Friday, June 26, 2009

What A Letter Brings, Part One

I received a letter from my father yesterday. From several yards away I caught sight of the envelope tossed onto a heap of newspapers and mail and instantly went into alert. I don’t need to see the envelope from close up to know it’s from Hungary. It’s in the handwriting. It wasn’t my father’s handwriting. He doesn’t write his own envelopes anymore. It was that I recognized that type of handwriting that I associate with Hungary and with Europe in general. I see that handwriting on an envelope and I am pretty sure there is a message from my father. Letters like this only arrive a few times a year.

I open the letter immediately, standing in the kitchen while Fred opens the oven and stirs something in a frying pan.
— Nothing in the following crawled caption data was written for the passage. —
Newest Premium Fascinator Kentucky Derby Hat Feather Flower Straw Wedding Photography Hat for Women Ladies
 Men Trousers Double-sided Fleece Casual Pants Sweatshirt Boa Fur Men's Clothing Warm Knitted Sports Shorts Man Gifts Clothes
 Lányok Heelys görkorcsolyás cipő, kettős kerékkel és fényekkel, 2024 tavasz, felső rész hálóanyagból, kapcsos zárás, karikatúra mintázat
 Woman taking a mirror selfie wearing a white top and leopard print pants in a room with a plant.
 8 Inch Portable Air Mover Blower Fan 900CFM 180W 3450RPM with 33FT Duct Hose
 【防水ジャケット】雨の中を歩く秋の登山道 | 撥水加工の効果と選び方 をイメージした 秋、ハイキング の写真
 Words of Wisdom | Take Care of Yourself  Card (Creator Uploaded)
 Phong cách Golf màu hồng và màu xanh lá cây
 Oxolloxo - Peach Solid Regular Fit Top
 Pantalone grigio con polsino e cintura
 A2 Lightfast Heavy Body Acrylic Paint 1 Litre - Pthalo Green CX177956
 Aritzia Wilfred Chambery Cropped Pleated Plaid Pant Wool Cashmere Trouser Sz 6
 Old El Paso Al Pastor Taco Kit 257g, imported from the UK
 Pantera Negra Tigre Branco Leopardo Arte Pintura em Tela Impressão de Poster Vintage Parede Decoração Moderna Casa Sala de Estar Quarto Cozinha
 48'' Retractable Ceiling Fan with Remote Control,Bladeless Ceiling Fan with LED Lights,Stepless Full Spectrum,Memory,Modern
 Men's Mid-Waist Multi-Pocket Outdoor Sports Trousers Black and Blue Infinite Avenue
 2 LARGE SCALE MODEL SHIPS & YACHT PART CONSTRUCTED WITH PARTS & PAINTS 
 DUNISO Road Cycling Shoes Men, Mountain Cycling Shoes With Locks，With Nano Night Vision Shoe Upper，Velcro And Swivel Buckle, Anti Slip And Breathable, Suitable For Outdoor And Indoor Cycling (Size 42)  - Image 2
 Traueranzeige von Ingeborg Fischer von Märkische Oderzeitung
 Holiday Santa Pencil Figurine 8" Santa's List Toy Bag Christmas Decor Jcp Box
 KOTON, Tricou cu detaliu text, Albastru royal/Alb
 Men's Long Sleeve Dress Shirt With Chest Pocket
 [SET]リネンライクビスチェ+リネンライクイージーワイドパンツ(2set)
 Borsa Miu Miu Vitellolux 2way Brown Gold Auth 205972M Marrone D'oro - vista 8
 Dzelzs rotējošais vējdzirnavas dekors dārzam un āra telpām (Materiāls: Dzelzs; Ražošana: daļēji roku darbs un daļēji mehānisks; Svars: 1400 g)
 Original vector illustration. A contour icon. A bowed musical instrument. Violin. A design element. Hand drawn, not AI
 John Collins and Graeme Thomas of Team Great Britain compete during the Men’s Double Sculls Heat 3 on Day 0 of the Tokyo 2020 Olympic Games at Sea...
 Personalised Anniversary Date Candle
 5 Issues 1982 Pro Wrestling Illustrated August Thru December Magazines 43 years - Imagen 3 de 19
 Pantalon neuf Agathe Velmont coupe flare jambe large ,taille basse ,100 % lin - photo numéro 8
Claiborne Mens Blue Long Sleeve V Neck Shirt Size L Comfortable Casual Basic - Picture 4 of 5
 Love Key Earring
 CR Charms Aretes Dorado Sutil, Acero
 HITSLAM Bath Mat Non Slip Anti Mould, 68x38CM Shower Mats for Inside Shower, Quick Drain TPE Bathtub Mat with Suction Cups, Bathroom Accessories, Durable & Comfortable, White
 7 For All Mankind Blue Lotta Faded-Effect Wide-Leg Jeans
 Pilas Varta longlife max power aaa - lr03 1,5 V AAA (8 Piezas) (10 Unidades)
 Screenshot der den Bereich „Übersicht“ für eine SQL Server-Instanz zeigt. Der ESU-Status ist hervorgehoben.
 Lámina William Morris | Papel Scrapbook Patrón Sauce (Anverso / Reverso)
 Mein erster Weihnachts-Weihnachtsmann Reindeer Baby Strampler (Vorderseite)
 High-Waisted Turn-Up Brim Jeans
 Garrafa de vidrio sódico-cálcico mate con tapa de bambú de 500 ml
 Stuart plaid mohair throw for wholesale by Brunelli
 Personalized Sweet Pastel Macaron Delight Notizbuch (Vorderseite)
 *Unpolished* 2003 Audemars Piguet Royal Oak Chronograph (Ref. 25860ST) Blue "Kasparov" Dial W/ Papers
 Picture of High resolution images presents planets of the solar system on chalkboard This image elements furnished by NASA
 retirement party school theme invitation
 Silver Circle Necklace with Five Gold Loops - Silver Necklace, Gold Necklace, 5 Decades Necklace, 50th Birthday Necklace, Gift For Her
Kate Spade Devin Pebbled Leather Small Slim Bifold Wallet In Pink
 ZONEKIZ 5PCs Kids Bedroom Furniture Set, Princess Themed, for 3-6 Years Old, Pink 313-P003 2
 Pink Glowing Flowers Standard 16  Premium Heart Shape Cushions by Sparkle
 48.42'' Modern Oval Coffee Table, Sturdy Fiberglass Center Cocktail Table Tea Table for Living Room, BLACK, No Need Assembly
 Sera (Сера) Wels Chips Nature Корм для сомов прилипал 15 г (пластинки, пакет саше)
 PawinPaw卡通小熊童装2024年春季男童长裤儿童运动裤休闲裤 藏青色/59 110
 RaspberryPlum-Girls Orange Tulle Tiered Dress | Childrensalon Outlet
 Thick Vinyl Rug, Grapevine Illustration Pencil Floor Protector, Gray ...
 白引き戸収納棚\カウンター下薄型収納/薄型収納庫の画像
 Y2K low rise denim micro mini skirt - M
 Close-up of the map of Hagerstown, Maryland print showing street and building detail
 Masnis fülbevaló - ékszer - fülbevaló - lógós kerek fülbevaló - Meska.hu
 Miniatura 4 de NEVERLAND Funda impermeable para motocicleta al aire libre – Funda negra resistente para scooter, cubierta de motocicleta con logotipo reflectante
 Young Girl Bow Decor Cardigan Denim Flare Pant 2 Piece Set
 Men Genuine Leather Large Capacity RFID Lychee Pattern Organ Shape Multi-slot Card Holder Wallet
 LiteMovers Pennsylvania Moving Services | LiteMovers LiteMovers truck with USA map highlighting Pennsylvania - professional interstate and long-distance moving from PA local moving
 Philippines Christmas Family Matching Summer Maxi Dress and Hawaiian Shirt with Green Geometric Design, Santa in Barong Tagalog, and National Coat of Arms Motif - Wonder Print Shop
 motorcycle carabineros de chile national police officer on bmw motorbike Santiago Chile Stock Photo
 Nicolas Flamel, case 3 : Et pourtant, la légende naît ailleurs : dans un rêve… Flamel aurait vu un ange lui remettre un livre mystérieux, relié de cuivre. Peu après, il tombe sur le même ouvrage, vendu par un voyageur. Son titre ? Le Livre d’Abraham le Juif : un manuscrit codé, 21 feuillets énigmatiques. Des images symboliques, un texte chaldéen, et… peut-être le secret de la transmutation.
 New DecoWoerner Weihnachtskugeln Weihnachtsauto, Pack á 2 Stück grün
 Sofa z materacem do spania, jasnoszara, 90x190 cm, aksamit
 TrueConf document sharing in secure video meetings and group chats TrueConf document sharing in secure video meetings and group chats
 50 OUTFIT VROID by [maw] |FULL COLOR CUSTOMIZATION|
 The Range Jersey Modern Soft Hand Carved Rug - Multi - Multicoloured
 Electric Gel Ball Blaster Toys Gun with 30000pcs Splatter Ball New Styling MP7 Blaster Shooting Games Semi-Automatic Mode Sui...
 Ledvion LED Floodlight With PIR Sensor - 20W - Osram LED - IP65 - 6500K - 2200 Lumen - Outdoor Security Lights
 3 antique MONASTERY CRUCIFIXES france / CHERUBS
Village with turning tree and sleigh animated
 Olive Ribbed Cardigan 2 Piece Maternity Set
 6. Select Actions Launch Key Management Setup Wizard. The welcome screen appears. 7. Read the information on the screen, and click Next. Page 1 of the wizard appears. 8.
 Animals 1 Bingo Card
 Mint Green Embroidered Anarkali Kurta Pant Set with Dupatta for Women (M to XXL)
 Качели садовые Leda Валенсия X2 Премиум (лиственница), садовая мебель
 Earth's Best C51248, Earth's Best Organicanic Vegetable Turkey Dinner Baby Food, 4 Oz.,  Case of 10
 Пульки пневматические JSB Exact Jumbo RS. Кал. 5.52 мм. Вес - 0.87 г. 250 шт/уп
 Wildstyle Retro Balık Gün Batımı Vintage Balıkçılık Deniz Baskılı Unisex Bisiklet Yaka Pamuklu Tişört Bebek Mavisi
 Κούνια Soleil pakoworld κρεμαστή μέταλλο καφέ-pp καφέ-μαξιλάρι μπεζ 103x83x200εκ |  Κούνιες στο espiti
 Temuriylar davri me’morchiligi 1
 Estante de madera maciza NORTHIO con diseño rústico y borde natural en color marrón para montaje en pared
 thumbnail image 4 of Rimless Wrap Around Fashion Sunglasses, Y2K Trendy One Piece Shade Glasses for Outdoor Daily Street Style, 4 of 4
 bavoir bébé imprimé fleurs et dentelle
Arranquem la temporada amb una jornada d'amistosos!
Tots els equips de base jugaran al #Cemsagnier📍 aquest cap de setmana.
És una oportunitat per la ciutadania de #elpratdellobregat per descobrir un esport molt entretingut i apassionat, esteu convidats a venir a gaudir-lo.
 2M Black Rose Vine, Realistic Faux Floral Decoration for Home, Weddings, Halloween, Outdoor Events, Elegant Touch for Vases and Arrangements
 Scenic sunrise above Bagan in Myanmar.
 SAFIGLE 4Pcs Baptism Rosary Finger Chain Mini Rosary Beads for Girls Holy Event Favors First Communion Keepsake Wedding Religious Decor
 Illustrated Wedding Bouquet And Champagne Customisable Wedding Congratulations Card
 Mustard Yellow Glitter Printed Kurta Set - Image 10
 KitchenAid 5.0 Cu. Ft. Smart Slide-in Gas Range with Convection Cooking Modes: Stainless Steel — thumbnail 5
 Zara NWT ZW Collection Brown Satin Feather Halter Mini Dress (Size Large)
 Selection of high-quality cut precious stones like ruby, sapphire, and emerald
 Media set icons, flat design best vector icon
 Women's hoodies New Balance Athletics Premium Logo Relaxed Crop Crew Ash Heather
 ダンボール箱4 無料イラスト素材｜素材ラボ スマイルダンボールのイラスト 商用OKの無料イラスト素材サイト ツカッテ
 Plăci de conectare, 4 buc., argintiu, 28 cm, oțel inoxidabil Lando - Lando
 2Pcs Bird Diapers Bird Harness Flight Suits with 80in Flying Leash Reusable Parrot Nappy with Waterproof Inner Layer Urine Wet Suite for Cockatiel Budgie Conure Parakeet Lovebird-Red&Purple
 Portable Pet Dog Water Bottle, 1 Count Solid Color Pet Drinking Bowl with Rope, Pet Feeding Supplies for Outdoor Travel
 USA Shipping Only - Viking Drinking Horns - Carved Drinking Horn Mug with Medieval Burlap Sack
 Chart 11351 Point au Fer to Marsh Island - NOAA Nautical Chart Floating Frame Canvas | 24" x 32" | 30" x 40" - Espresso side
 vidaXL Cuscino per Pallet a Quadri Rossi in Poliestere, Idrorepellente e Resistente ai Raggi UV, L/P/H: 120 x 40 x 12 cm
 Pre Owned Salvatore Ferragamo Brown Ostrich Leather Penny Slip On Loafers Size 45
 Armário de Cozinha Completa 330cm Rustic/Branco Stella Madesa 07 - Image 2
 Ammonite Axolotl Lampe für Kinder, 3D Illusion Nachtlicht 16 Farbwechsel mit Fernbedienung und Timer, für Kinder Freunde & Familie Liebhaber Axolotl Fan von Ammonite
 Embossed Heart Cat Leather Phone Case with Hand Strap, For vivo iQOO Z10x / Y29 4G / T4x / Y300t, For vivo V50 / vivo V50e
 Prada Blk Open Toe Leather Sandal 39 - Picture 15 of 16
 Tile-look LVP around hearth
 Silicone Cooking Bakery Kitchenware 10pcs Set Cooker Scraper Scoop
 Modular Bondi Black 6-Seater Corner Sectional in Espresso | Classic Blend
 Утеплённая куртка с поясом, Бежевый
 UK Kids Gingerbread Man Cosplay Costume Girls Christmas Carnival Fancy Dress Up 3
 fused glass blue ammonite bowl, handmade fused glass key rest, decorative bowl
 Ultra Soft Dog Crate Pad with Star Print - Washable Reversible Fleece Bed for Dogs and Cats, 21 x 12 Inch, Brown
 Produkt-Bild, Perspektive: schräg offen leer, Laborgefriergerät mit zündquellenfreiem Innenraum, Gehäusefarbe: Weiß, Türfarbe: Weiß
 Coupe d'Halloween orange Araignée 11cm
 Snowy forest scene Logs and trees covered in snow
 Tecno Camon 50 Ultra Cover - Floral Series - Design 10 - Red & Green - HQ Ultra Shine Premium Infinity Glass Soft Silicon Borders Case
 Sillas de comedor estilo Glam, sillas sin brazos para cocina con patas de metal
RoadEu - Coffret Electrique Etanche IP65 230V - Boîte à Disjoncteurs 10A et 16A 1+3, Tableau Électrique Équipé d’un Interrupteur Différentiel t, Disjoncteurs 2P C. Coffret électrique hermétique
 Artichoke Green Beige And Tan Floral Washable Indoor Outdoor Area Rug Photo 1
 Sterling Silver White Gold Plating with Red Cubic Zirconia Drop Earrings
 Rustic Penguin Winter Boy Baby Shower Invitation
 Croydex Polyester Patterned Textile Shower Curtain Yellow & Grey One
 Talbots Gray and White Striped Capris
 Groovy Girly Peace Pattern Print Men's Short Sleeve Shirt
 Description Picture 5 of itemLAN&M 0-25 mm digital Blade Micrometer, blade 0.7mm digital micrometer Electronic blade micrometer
The letter is typed, another clue that my father is not well enough to write. I imagine someone else typing it, probably the woman who comes every week or so to do his secretarial things. She speaks English. She has been working for my father for twenty-five years and – with her husband -- has become a close friend of his. A surrogate daughter perhaps.

He is writing because he received the copy of my book that I sent. I only sent it because my mother asked me to, even slipped me a $20-bill to make sure I did it. It’s true – I probably wouldn’t have sent it except that I knew I had her money. Plus, she had gone and told him about it. I wouldn’t have done that either, but there it was, she had told him just as if he didn’t appear in the book.

My father isn’t a huge figure in the book, but there’s a few paragraphs I’d just as soon he didn’t read, ones in which he stars. But my mother somehow didn’t get that and just thought well, if someone writes a book their parents will be proud and ought to know about it.

My father’s letter was short, less than a page, typed and double-spaced, with many grammatical mistakes he never would have made 25 years ago when he returned to Budapest after 30 years in the States.

He thanks me for the book. Says that he and his sister are reading it together – he must be translating out loud to her. He says they have read only 50 pages so far. They are reading slowly, he says. Proof, he says, that they are reading carefully. There is a tone of sincerity in his voice that I note, but still hold at arm’s length.

There, finally, is his signature, this definitely in his own hand. It is a spindly version of the proud hieroglyph that used to be his flourish.

For a moment I think to call. And immediately think no. I dislike our calls, our conversations, our contact so much. I can’t bear it, ever. Just because there will be a time when I will not be able to hear the voice that was the soundtrack of my childhood doesn’t make me want to listen to it now.

Or does it? I could call. Hear his voice. I don’t think there’s a lot of time left. It’s not that I want to hear or say anything in particular. Maybe just be there. Maybe.

1 comment:

bh said...

You're brave to share so openly in this form...
Lost both my parents within a short time recently. One I had a great relationship, the other not. Yet equally with both now gone, the last moments and exchange of words we had resonate deeply inside me. And I feel incredibly glad I had them. ...if that helps in any way.